And when i try to engage with some accounts i got a "thanks" feedback. Lol
Its hard for me create this kind of discussion and engagement... But I'm working to improve it creating some disclosure and questions asked
We are used to comment with 'fist' - 'nice' - 'good' - or any others ine world comment... But sure we all going to change it, engaging with more meaningful comments and respect. Also Lot of haters behind anonymous profiles
I think that is the typical response. As mentioned, we often do thanks or good, and people will do it too. It is quite difficult to engage. I agree that it is on how we put out our comments that can ignite conversation. I think that your doing the rigth thing to find something to ask or some disclosure. It is on our nature to respond to whom we know or for some, who they can benefit with. It is always in the two side of a coin. Yeah, anonimosity can also hinder engagement. Have some !PIZZA
Maybe those are the only comments the person can afford to give anyway. You don't have to take it personal that someone out there didn't reciprocate the same level of value you give or more. It's just their preference to give you that amount due at that period for your time.
To expect people to give meaningful comments and be engaging is a recipe for disappointment. Rather, I think it's better to appreciate that even when they failed to meet your expectations, some acts of reciprocating attention were made than ignore you completely.
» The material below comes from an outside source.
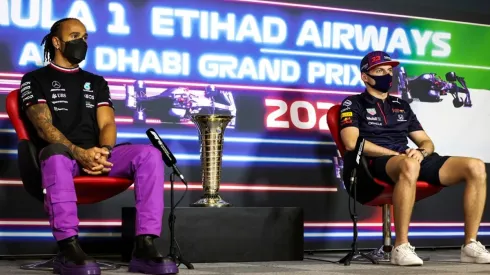 Lewis Hamilton e Max Verstappen são rivais na Fórmula 1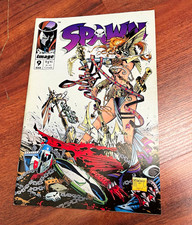 Image Spawn #9 (1993) Todd McFarlane Cover/Story - Spawn Comic Book picture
It's not all the time that people have something valuable to say to add to the conversation so an emoji fist bump is a neutral way of saying agreement and acknowledgement without admitting I got nothing to add to the discussion.
I totally agree.
Sometimes just few words are the right amount.
But when we are talking about build an audience and engage, it's good to try create that discussion on your post and attack more people for that discussion.
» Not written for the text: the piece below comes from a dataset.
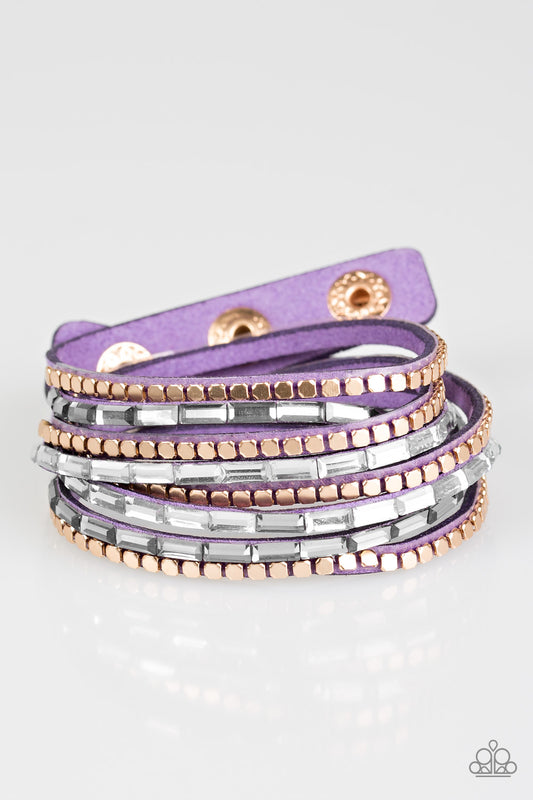 brought✽to✽you✽by✽blingflingbykat✽this-time-with-attitude-purple-bracelet✽paparazzi-accessories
Otherwise you are missing people that tried to engage and you didn't follow the flow.
I think part of the reason is having an cross cultural insight to how the other person perceives flow. I mean, we can come from different cultures and each culture has their own manner of communicating disagreement from subtle to overt ways and it's expounded by the change in vocabulary. And sometimes people just don't want to put more energy on areas they can already agree or disagree on.
To be fully invested in a discussion and expecting the other to reciprocate that attention given online is just common courtesy but it happening online also means it may be asking too much. From both sides of the coin I can weigh in and excuse people for bailing out on the discussion no matter how invested I am into it, just cause they probably don't have the time to spare to dwell on it and that's perfectly natural.
Building and engaging is like a joke, it can be hit or miss and ones best bet is appealing to the general areas where mutual agreement can be reached rather than find resolution to a conflict that they may not be invested in the discussion at hand.